*WORK ITEM*: Write out the whole listing exactly as it stands.

*RECORD EXCERPTS*:

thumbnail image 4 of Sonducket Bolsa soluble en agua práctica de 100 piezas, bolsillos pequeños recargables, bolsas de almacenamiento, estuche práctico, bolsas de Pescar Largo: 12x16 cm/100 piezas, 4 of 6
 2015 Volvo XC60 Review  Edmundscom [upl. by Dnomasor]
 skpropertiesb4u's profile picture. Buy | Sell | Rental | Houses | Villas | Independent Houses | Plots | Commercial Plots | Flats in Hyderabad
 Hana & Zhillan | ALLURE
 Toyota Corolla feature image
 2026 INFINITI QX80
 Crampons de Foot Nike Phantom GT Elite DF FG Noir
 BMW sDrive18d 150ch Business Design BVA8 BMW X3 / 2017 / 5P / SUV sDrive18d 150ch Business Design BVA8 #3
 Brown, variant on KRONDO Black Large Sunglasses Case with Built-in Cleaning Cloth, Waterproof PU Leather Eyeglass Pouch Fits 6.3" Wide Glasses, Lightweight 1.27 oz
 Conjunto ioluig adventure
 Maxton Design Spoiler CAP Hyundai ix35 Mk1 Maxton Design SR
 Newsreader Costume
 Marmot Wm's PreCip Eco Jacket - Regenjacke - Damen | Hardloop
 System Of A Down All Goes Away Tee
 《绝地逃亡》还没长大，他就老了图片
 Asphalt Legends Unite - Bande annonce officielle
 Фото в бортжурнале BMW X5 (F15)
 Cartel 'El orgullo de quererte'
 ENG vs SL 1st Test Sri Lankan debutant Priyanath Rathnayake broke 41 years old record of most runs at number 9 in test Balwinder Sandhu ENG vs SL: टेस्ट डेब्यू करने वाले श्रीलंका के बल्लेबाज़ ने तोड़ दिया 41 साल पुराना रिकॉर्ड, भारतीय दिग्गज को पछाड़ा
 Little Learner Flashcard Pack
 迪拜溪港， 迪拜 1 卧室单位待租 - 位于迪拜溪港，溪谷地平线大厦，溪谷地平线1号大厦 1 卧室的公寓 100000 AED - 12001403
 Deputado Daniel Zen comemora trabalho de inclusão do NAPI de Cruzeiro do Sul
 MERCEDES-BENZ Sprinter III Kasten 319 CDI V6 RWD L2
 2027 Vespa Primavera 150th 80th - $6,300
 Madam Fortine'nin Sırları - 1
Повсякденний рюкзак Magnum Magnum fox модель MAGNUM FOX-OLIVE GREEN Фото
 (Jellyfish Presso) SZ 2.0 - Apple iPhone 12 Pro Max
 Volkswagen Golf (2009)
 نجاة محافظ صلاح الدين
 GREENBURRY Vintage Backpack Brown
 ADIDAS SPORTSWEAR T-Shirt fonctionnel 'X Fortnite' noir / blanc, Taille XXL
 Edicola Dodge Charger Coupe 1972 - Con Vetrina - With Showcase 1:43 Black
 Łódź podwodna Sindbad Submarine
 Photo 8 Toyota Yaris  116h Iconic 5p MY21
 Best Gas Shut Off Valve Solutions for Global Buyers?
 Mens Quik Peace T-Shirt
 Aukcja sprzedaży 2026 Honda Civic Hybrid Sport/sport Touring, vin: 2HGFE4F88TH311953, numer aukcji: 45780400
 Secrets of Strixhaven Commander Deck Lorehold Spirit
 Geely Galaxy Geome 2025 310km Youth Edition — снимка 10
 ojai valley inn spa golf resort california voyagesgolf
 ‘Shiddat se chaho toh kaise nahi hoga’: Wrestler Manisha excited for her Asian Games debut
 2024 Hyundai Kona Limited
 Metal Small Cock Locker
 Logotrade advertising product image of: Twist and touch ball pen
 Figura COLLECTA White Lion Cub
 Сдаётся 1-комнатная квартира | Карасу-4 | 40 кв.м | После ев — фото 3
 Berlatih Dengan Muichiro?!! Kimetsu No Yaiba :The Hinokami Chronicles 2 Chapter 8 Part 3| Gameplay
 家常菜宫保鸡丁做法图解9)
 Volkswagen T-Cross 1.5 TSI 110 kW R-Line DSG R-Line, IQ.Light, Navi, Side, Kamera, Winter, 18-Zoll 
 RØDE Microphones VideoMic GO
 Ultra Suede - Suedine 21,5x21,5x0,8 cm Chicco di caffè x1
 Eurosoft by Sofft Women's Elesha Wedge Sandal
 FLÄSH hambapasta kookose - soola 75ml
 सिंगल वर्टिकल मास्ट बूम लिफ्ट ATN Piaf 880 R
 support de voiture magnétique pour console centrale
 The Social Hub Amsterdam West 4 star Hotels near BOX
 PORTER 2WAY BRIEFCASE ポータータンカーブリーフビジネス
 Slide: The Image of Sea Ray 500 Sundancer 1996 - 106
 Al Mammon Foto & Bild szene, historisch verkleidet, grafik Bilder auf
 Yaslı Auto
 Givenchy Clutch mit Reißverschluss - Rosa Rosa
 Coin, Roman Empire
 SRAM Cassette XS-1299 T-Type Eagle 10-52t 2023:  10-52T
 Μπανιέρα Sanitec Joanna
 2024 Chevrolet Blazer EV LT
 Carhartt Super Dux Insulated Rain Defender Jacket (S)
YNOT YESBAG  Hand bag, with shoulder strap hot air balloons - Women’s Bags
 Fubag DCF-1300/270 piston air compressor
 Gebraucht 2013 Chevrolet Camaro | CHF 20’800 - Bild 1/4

*SOLUTION BELOW*:
thumbnail image 4 of Sonducket Bolsa soluble en agua práctica de 100 piezas, bolsillos pequeños recargables, bolsas de almacenamiento, estuche práctico, bolsas de Pescar Largo: 12x16 cm/100 piezas, 4 of 6
 2015 Volvo XC60 Review  Edmundscom [upl. by Dnomasor]
 skpropertiesb4u's profile picture. Buy | Sell | Rental | Houses | Villas | Independent Houses | Plots | Commercial Plots | Flats in Hyderabad
 Hana & Zhillan | ALLURE
 Toyota Corolla feature image
 2026 INFINITI QX80
 Crampons de Foot Nike Phantom GT Elite DF FG Noir
 BMW sDrive18d 150ch Business Design BVA8 BMW X3 / 2017 / 5P / SUV sDrive18d 150ch Business Design BVA8 #3
 Brown, variant on KRONDO Black Large Sunglasses Case with Built-in Cleaning Cloth, Waterproof PU Leather Eyeglass Pouch Fits 6.3" Wide Glasses, Lightweight 1.27 oz
 Conjunto ioluig adventure
 Maxton Design Spoiler CAP Hyundai ix35 Mk1 Maxton Design SR
 Newsreader Costume
 Marmot Wm's PreCip Eco Jacket - Regenjacke - Damen | Hardloop
 System Of A Down All Goes Away Tee
 《绝地逃亡》还没长大，他就老了图片
 Asphalt Legends Unite - Bande annonce officielle
 Фото в бортжурнале BMW X5 (F15)
 Cartel 'El orgullo de quererte'
 ENG vs SL 1st Test Sri Lankan debutant Priyanath Rathnayake broke 41 years old record of most runs at number 9 in test Balwinder Sandhu ENG vs SL: टेस्ट डेब्यू करने वाले श्रीलंका के बल्लेबाज़ ने तोड़ दिया 41 साल पुराना रिकॉर्ड, भारतीय दिग्गज को पछाड़ा
 Little Learner Flashcard Pack
 迪拜溪港， 迪拜 1 卧室单位待租 - 位于迪拜溪港，溪谷地平线大厦，溪谷地平线1号大厦 1 卧室的公寓 100000 AED - 12001403
 Deputado Daniel Zen comemora trabalho de inclusão do NAPI de Cruzeiro do Sul
 MERCEDES-BENZ Sprinter III Kasten 319 CDI V6 RWD L2
 2027 Vespa Primavera 150th 80th - $6,300
 Madam Fortine'nin Sırları - 1
Повсякденний рюкзак Magnum Magnum fox модель MAGNUM FOX-OLIVE GREEN Фото
 (Jellyfish Presso) SZ 2.0 - Apple iPhone 12 Pro Max
 Volkswagen Golf (2009)
 نجاة محافظ صلاح الدين
 GREENBURRY Vintage Backpack Brown
 ADIDAS SPORTSWEAR T-Shirt fonctionnel 'X Fortnite' noir / blanc, Taille XXL
 Edicola Dodge Charger Coupe 1972 - Con Vetrina - With Showcase 1:43 Black
 Łódź podwodna Sindbad Submarine
 Photo 8 Toyota Yaris  116h Iconic 5p MY21
 Best Gas Shut Off Valve Solutions for Global Buyers?
 Mens Quik Peace T-Shirt
 Aukcja sprzedaży 2026 Honda Civic Hybrid Sport/sport Touring, vin: 2HGFE4F88TH311953, numer aukcji: 45780400
 Secrets of Strixhaven Commander Deck Lorehold Spirit
 Geely Galaxy Geome 2025 310km Youth Edition — снимка 10
 ojai valley inn spa golf resort california voyagesgolf
 ‘Shiddat se chaho toh kaise nahi hoga’: Wrestler Manisha excited for her Asian Games debut
 2024 Hyundai Kona Limited
 Metal Small Cock Locker
 Logotrade advertising product image of: Twist and touch ball pen
 Figura COLLECTA White Lion Cub
 Сдаётся 1-комнатная квартира | Карасу-4 | 40 кв.м | После ев — фото 3
 Berlatih Dengan Muichiro?!! Kimetsu No Yaiba :The Hinokami Chronicles 2 Chapter 8 Part 3| Gameplay
 家常菜宫保鸡丁做法图解9)
 Volkswagen T-Cross 1.5 TSI 110 kW R-Line DSG R-Line, IQ.Light, Navi, Side, Kamera, Winter, 18-Zoll 
 RØDE Microphones VideoMic GO
 Ultra Suede - Suedine 21,5x21,5x0,8 cm Chicco di caffè x1
 Eurosoft by Sofft Women's Elesha Wedge Sandal
 FLÄSH hambapasta kookose - soola 75ml
 सिंगल वर्टिकल मास्ट बूम लिफ्ट ATN Piaf 880 R
 support de voiture magnétique pour console centrale
 The Social Hub Amsterdam West 4 star Hotels near BOX
 PORTER 2WAY BRIEFCASE ポータータンカーブリーフビジネス
 Slide: The Image of Sea Ray 500 Sundancer 1996 - 106
 Al Mammon Foto & Bild szene, historisch verkleidet, grafik Bilder auf
 Yaslı Auto
 Givenchy Clutch mit Reißverschluss - Rosa Rosa
 Coin, Roman Empire
 SRAM Cassette XS-1299 T-Type Eagle 10-52t 2023:  10-52T
 Μπανιέρα Sanitec Joanna
 2024 Chevrolet Blazer EV LT
 Carhartt Super Dux Insulated Rain Defender Jacket (S)
YNOT YESBAG  Hand bag, with shoulder strap hot air balloons - Women’s Bags
 Fubag DCF-1300/270 piston air compressor
 Gebraucht 2013 Chevrolet Camaro | CHF 20’800 - Bild 1/4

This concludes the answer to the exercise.